Cerita berlanjut… Beberapa
hari setelah Datu Museng mempersunting Maipa Deapati, Ia mendapat kabar bahwa di
Makassar (tanah kelahirannya) terjadi kegoncangan dan ketidakstabilan politik
akibat adu domba Kompeni Belanda yang kian menjadi-jadi. Oleh karena itu, atas
izin dari mertuanya (Raja Sumbawa), Ia beserta istrinya pulang ke Makassar
untuk membantu Kerajaan Gowa melawan musuhnya-musuhnya.
Tapi masalah lain
muncul. Pimpinan Kompeni terpesona melihat kejelitaan Maipa Deapati. Ia begitu
mengaguminya dan ingin mengambilnya di tangan Datu Museng. Maka, dengan
berbagai macam cara, siang dan malam, dari segala penjuru, pihak Kompeni
bertubi-tubi menyerang Datu Museng. Tapi lagi-lagi, dengan ilmu dan kesaktian
yang dimilikinya, Datu Museng masih bisa bertahan untuk melindungi kekasihnya,
Maipa Deapati.
Hingga pada suatu
ketika… Saat Datu Museng lengah. Pihak kompeni yang tidak mau berhenti melancarkan
serangannya, berhasil menodongkan senjatanya ke arah Datu Museng dari jarak
yang sangat dekat. Menyaksikan itu, jiwa kewanitaan Maipa muncul. Ia tidak rela
suami yang sangat dicintainya mati ditembus peluru Kompeni. Maka dengan mantap
dan penuh keyakinan, Ia menghadang laju peluru sebelum sempat mengenai tubuh
Datu Museng. Walhasil, peluru menembus tubuhnya yang jelita itu. Maipa roboh,
pucat meregang maut.
Tapi sebelum maut
benar-benar menjemputnya, Maipa masih sempat mengucap kata, berbisik di
pangkuan Datu Museng, katanya: “Daengku
Datu Museng, permata hatiku… Takkan ku gentar walau jiwa melayang, kebimbangan telah
kucampakkan… Sebab keyakinan telah kupastikan, perahu kematian siap kutumpangi…
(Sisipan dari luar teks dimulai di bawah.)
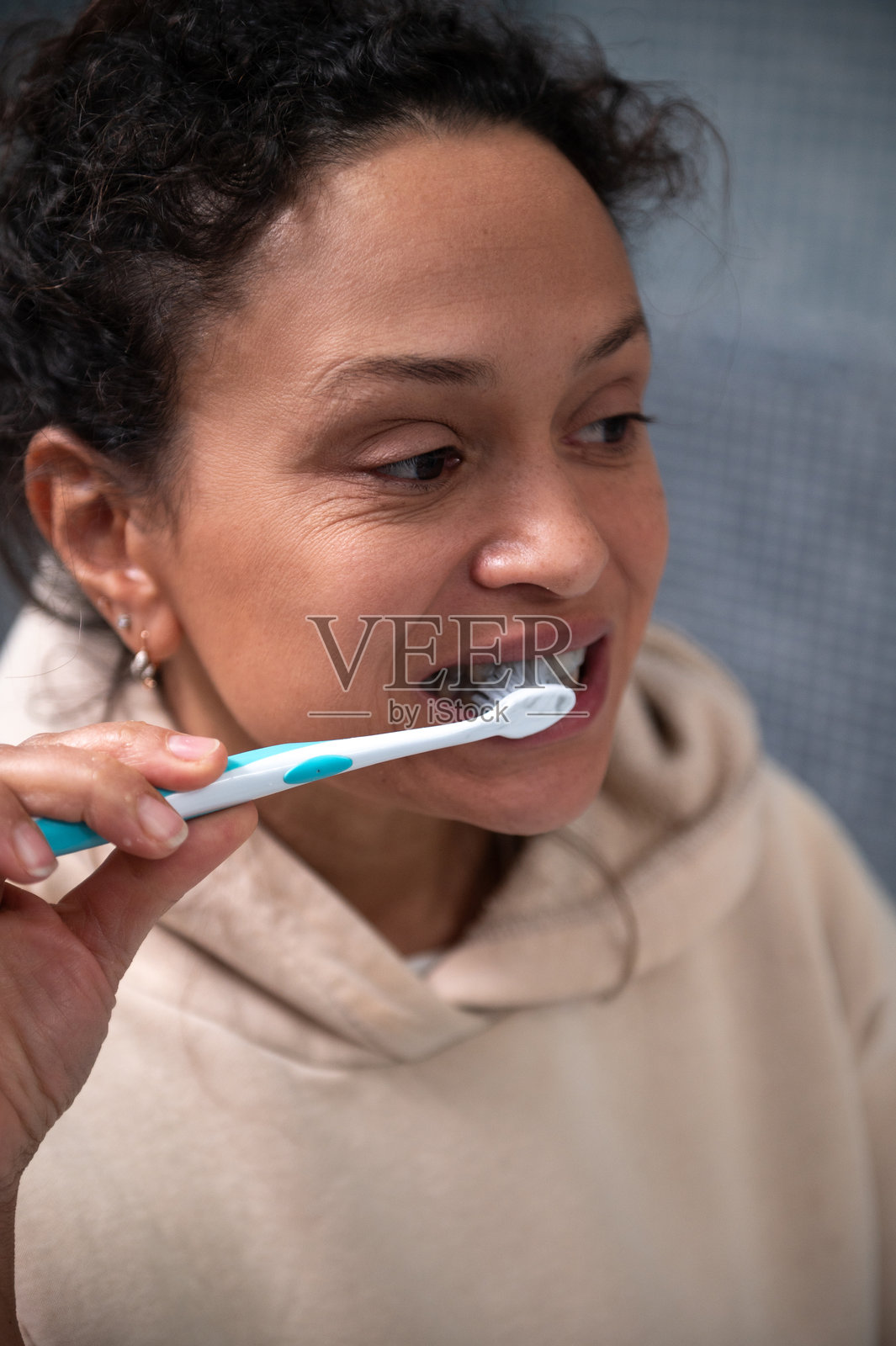 女性刷牙以保持健康的口腔卫生习惯照片摄影图片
Kemudi telah kukuh di tangan, telah kutetapkan haluan menyongsong tujuan, pada kematian
yang hangat dan menyenangkan…”
Demikianlah… Maipa
telah tiada. Ia tewas dalam pangkuan suaminya. Peluru Kompeni berhasil merobek
tubuh jelitanya, membuatnya bersimbah darah. Tapi kompeni tidak berhasil membunuh
cintanya, Kompeni tidak mampu mengambil kesetiaan, harga diri dan ikrar sucinya
kepada Datu Museng. Ikrar untuk sehidup
semati…‼!
Karena ikrar itu
pulalah yang membuat Datu Museng melepas jimat saktinya, membuang ilmu “kebal”nya,
menyerahkan dirinya kepada pihak Kompeni belanda untuk ditembaki hingga mati…‼!
Kini, Datu Museng
hanya tinggal sebuah cerita. Maipa Deapati pun hanya tinggal sebuah nama. Bagi siapapun
yang ingin mengenangnya, berkunjunglah ke Kota Makassar. Di ujung barat jalan
Datu Museng (sebuah nama jalan pemberian Pemerintah Kota Makassar), disitu
terletak dua buah situs makam bernisan kayu, yang konon adalah makamnya Datu
Museng dan kekasihnya Maipa Deapati.
Sobat blogger…
Mungkin di antara kita
masih ragu atau bahkan tidak percaya sama sekali. Benarkah kisah ini sebuah
fakta sejarah? Atau jangan-jangan ini cerita fiksi yang sengaja dibikin oleh
para tetua kita dahulu, sekedar untuk pengajaran moral dan pengantar tidur bagi
anak-anaknya…!
Bagi saya, terlepas
dari apakah kisah ini fakta atau fiksi, karena memang tidak satupun diantara
kita yang hidup semasa dengan pelakon cerita. Maka kita hanya bisa menilai
bahwa, jika kisah ini adalah benar-benar sebuah fakta sejarah, kita seharusnya patut
berbangga dengan kisah cintanya yang mengharukan itu. Tapi toh andai ini pun sebuah
fiksi, kita patut mengangkat jempol bagi si penutur atau si pencipta cerita,
karena Ia berhasil membangun sebuah cerita yang tidak kalah serunya dengan
kisah-kisah lainnya yang mendunia, dan tetap masih bertahan hingga kini.
Believe or not… yang pasti kebenaran hanya milik Sang
pemilik Kebenaran Mutlak itu sendiri, yakni Allah Azza Wa Jalla…‼! <joe>
Kisah cinta Datu Museng dengan Maipa Deapati sangat layak diangkat ke layar lebar (film). Pasti tidak akan kalah dengan film kisah cinta Habibie-Ainun.